There is a growing consensus across the public health sector that oral health is an essential component of overall health. Poor oral health affects not only people’s physical health, but their overall wellbeing, confidence, and mental health too.
In children, problems with teeth can impact their ability to sleep, eat, speak, play, and socialise with other children, as well as their school readiness – both through loss of school days and because of pain and difficulty sleeping affecting the ability to learn.
Studies also show that later in life having poor dental health can impact a person’s ability to find a job, with a YouGov poll for the British Dental Association showing that having decayed, discoloured, broken or missing teeth makes it twice as hard to compete in the job market than being overweight or dressing inappropriately.

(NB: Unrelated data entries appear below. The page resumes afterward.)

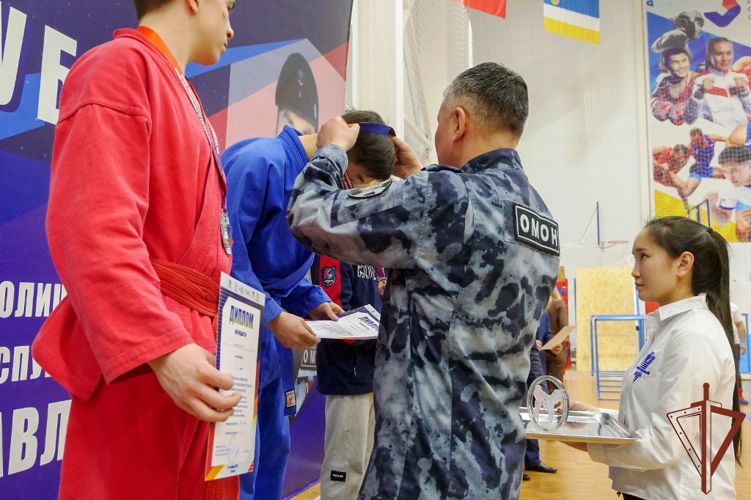 Чемпионат по универсальному бою памяти сотрудника ОМОН Росгвардии Агвана-Жамсы Банзанова прошел в Улан-Удэ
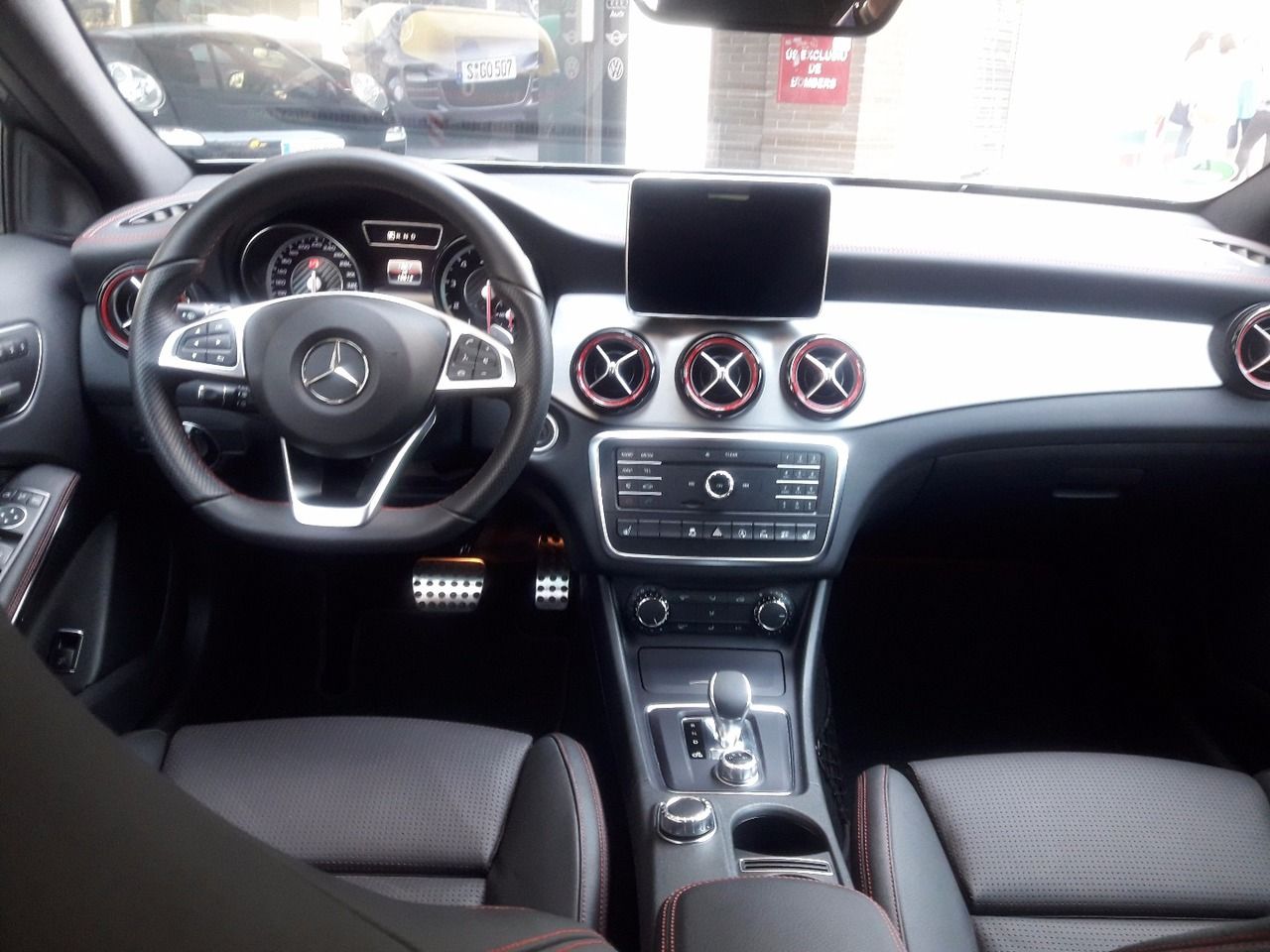 Foto Mercedes-Benz Clase GLA 6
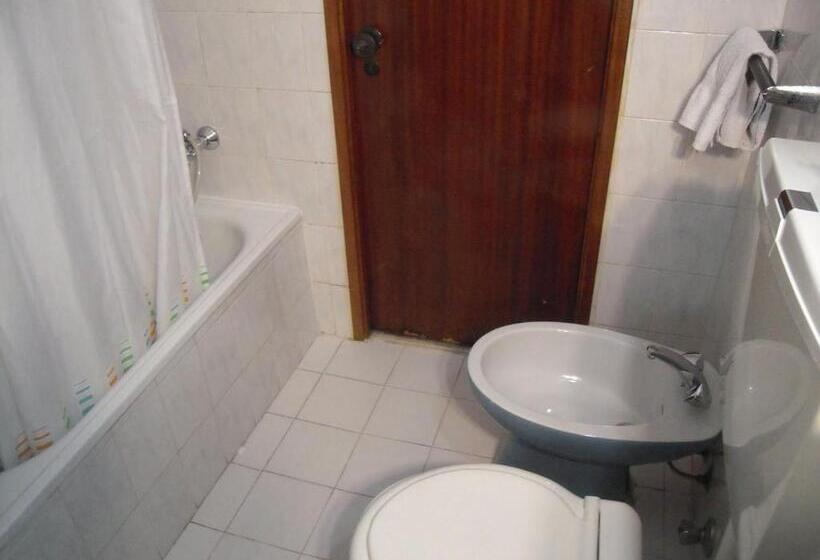 اتاق استاندارد یک نفره, Guesthouse Lusa Atenas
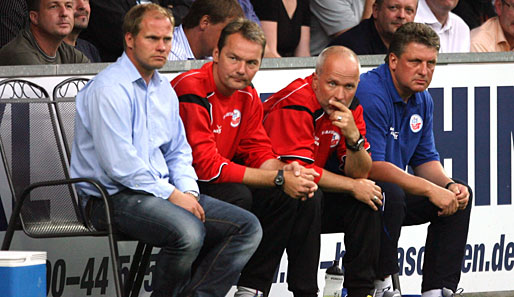 Hansa-Coach Andreas Zachhuber (r.) hat gegen Oberhausen kaum noch Spieler zu Verfügung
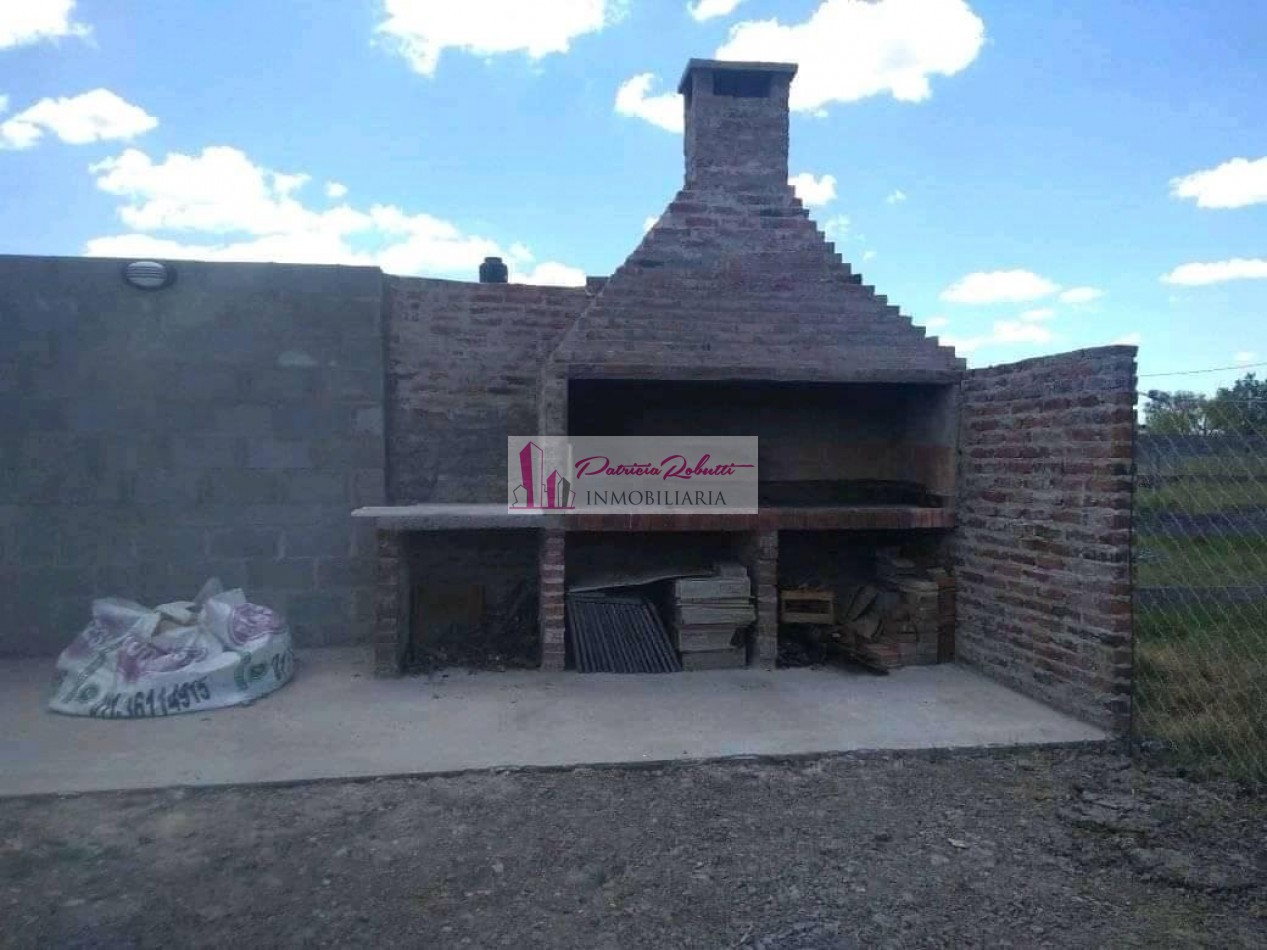 EN VENTA CASA 4 AMBIENTES CON LOTE LIBRE EN BRANDSEN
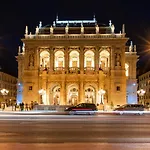 Centrum Opera Luxury Apartment With Free Garage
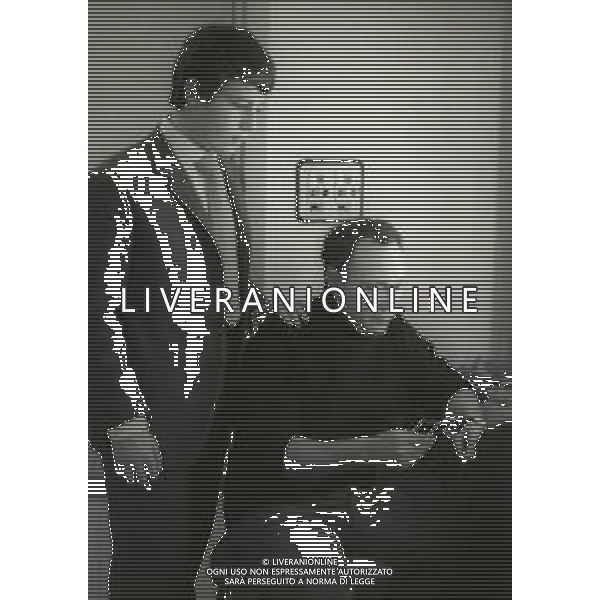 NEG-RETROSPETTIVA CLAUDIO VILLA CANTANTE NELLA FOTO CLAUDIO VILLA NELLA TRASMISSIONE PARTITISSIMA 1968 AG ALDO LIVERANI SAS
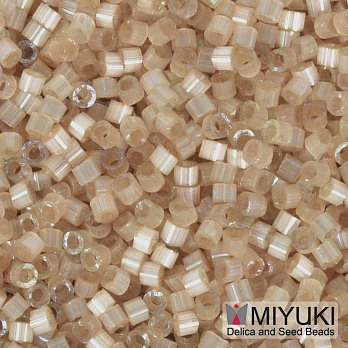 Бісер японський Miyuki Delica 11/0 DB1802, Сатин бежевий (BIS-058210)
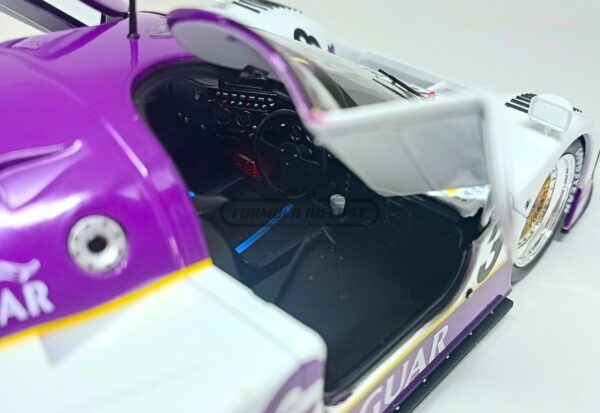 Miniatura de carro Jaguar XJR-12 #3 Nielsen/Cobb/Brundle, Vencedor 24h Le Mans 1990, escala 1:18, marca CMR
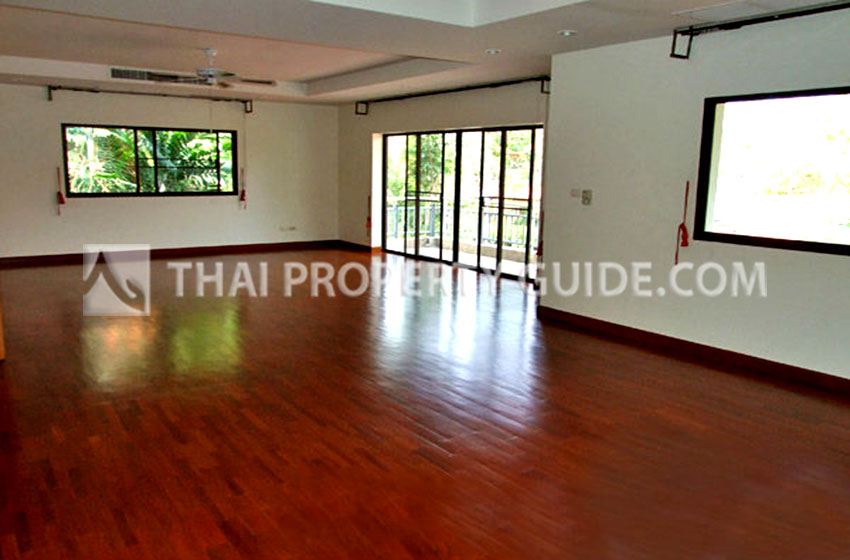 House with Private Pool in Nichada Thani 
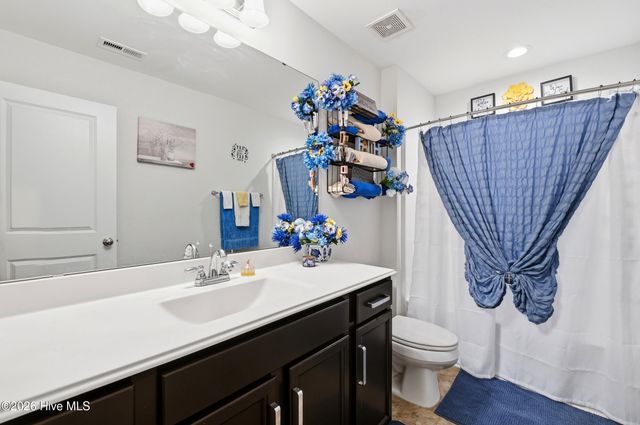 106 Periwinkle Street, Saint Helena, NC 28425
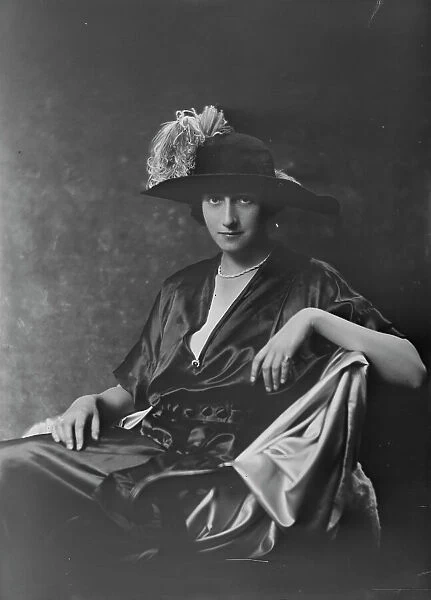 Miss Helen St. Goar, portrait photograph, 1919 Oct. 29. Creator: Arnold Genthe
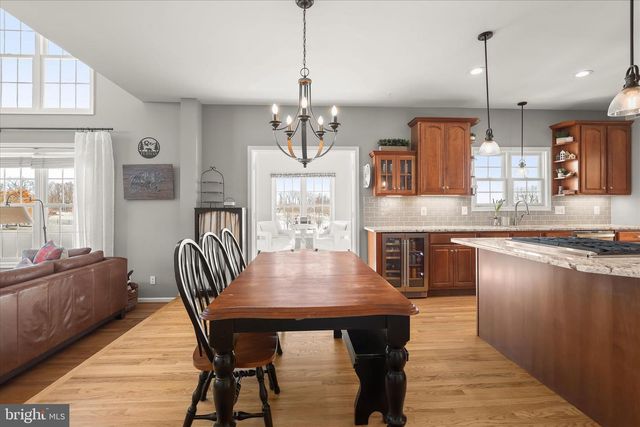 685 W WATERSVILLE RD, Mount Airy, MD 21771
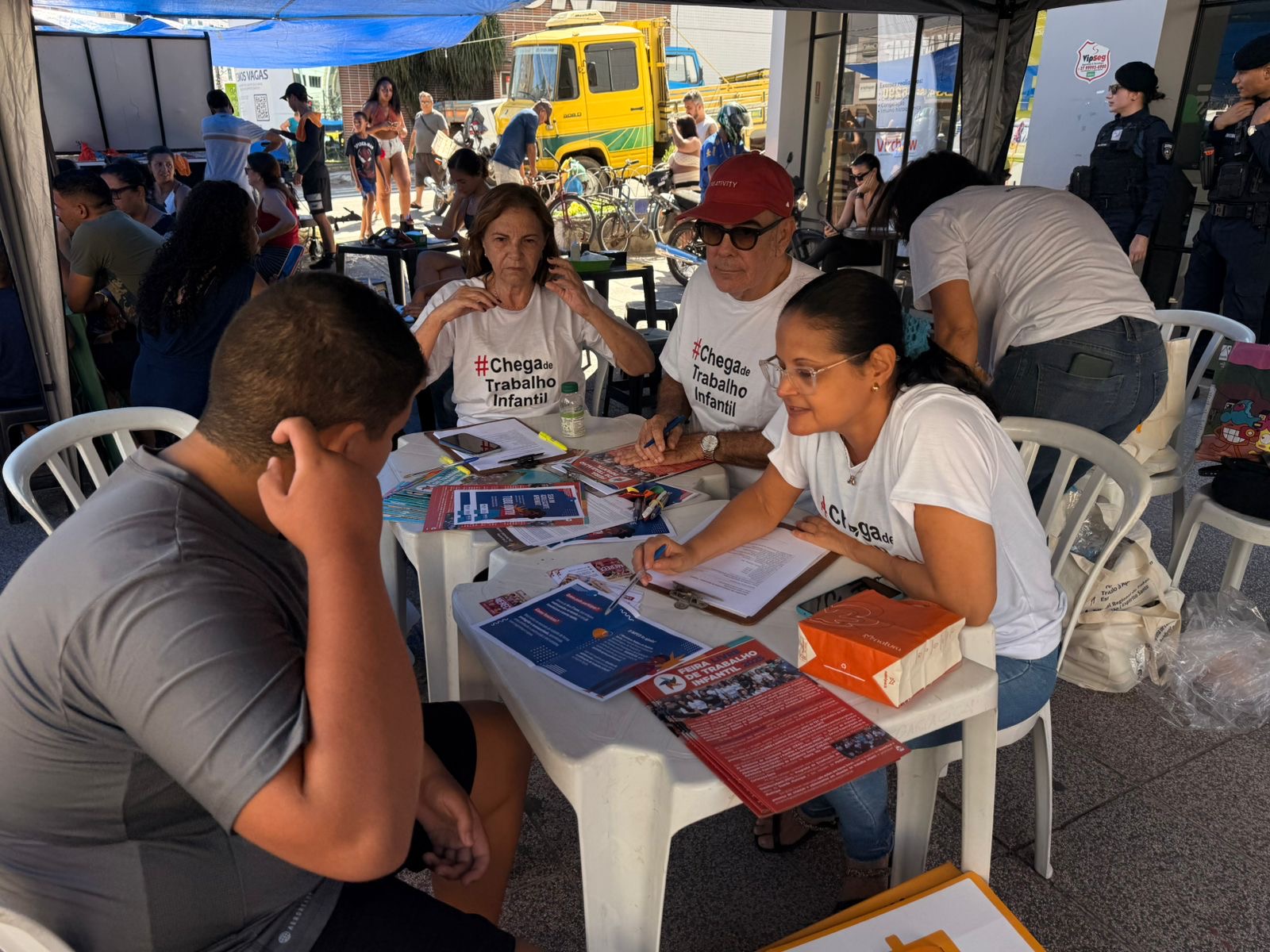 Ação de combate ao trabalho infantil é realizada na feira de Campo Grande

NHS dentistry is chronically underfunded – it is the only part of the NHS in England that went into the pandemic operating on a lower budget, in cash terms, compared to what it received in 2010.
Since the current government took office, its unspoken policy has been to force dental practices to rely increasingly on patient fees, leaving many dentists having to make the terrible decision to stop providing NHS services altogether.
The government has used unprecedented inflation-busting increases in patient charges to plug the gap in falling funding for NHS dentistry. Patient charges have increased by 5 per cent each year for the last five years – this is a total increase of 28 per cent in the last five years. This discourages many people from attending the dentist, particularly those on lower incomes, and leaves low-income families facing a double whammy – unable to find local NHS dentists with open lists, and more to the point, unable to afford the high cost of private treatment.
Reform of the current NHS dental contract is critical. Taxpayers’ money could and should be spent more effectively.
The current dysfunctional contract sets quotas on patient numbers, fails to incentivise preventive work, and implicitly places an ever-growing reliance on dental practices to pursue private charging as a means of staying afloat. The contract also penalises dentists for taking on patients with high and complex needs and covertly encourages the cherry picking of patients with better oral health needs.
Any new contract must ensure NHS dentistry is available to all those who need it.
I am proud to have played my part in influencing the Labour party to commit in our last manifesto to free NHS dental check-ups for everyone in England. These checks would have taken pressure off GPs and A&E departments who are now regularly dealing with untreated dental problems.
But I believe that we can and must go further. Labour must ensure that we work to achieve a fully funded dentistry service, where NHS dental services are available to all. Good oral health must not be restricted by either postcode or wealth.
We cannot allow oral health and dentistry to remain the Cinderella service of our NHS.